YOUR OBJECTIVE: No picture belongs in the copy. Repeat each line below exactly.

----- SUPPLIED DATA -----

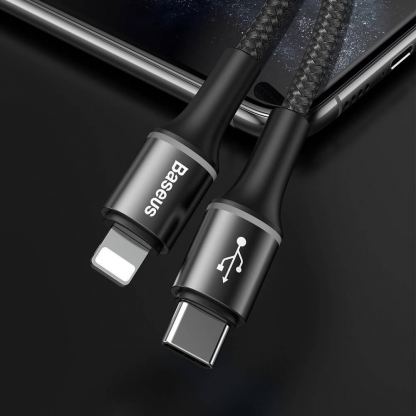 USB-C към Lightning кабел за Apple устройства с Lightning порт (100 см) - Baseus Halo USB-C to Lightning Cable (CATLGH-01) (черен) 5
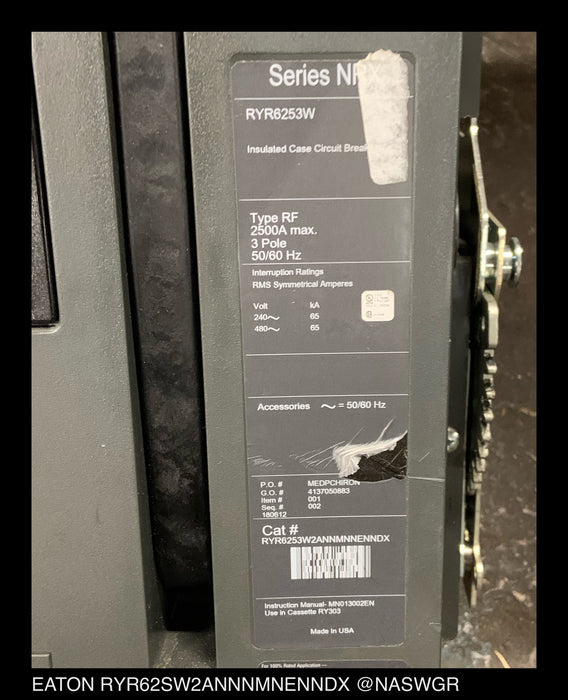 EATON RYR62SW2ANNNMENNDX Insulated Circuit Breaker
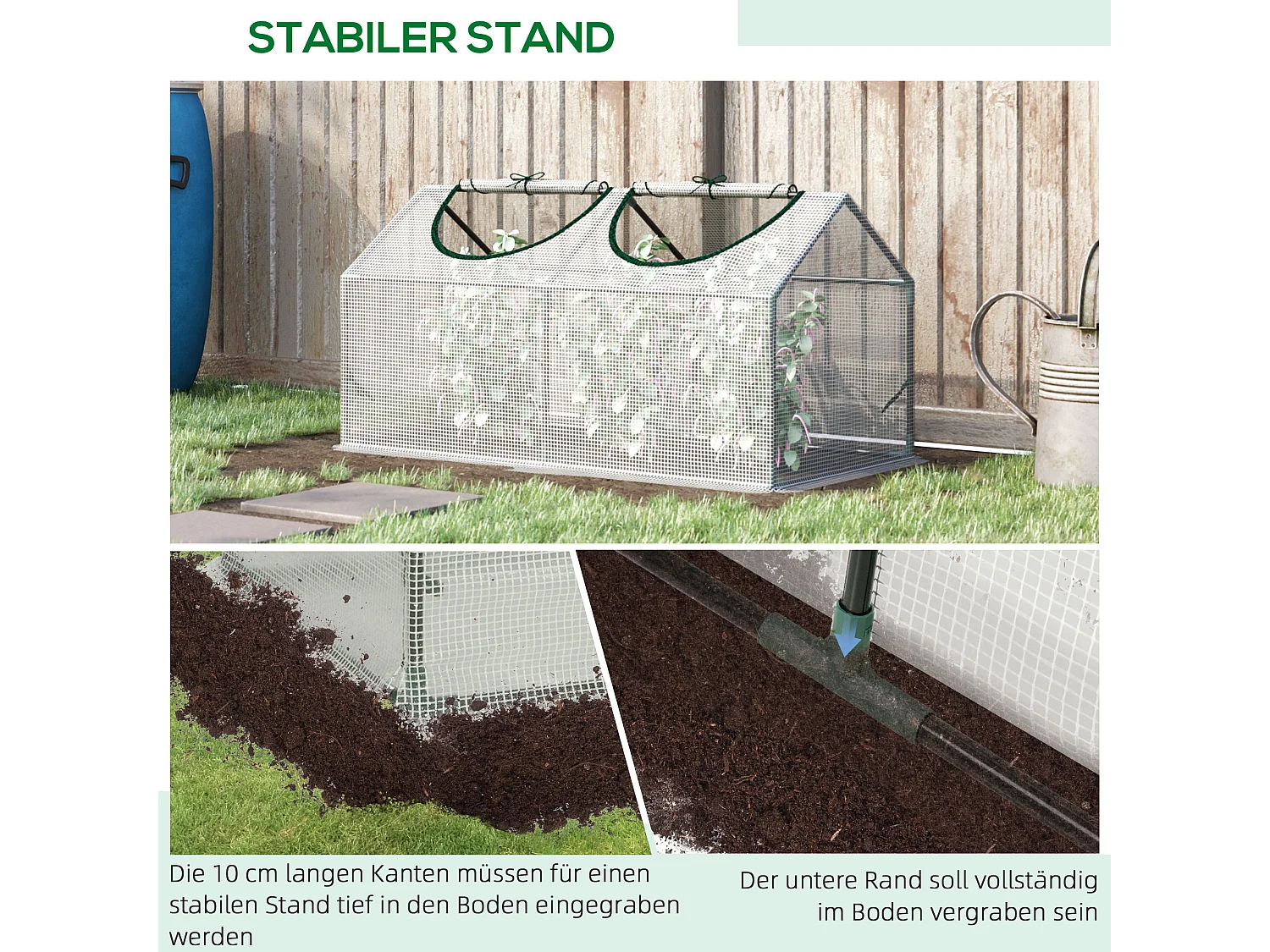 Serre de jardin en film avec fenêtre, PE, structure en acier, blanche (120x60x60 cm)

-----

OUTPUT FOR THIS EXERCISE:
 USB-C към Lightning кабел за Apple устройства с Lightning порт (100 см) - Baseus Halo USB-C to Lightning Cable (CATLGH-01) (черен) 5
 EATON RYR62SW2ANNNMENNDX Insulated Circuit Breaker
 Serre de jardin en film avec fenêtre, PE, structure en acier, blanche (120x60x60 cm)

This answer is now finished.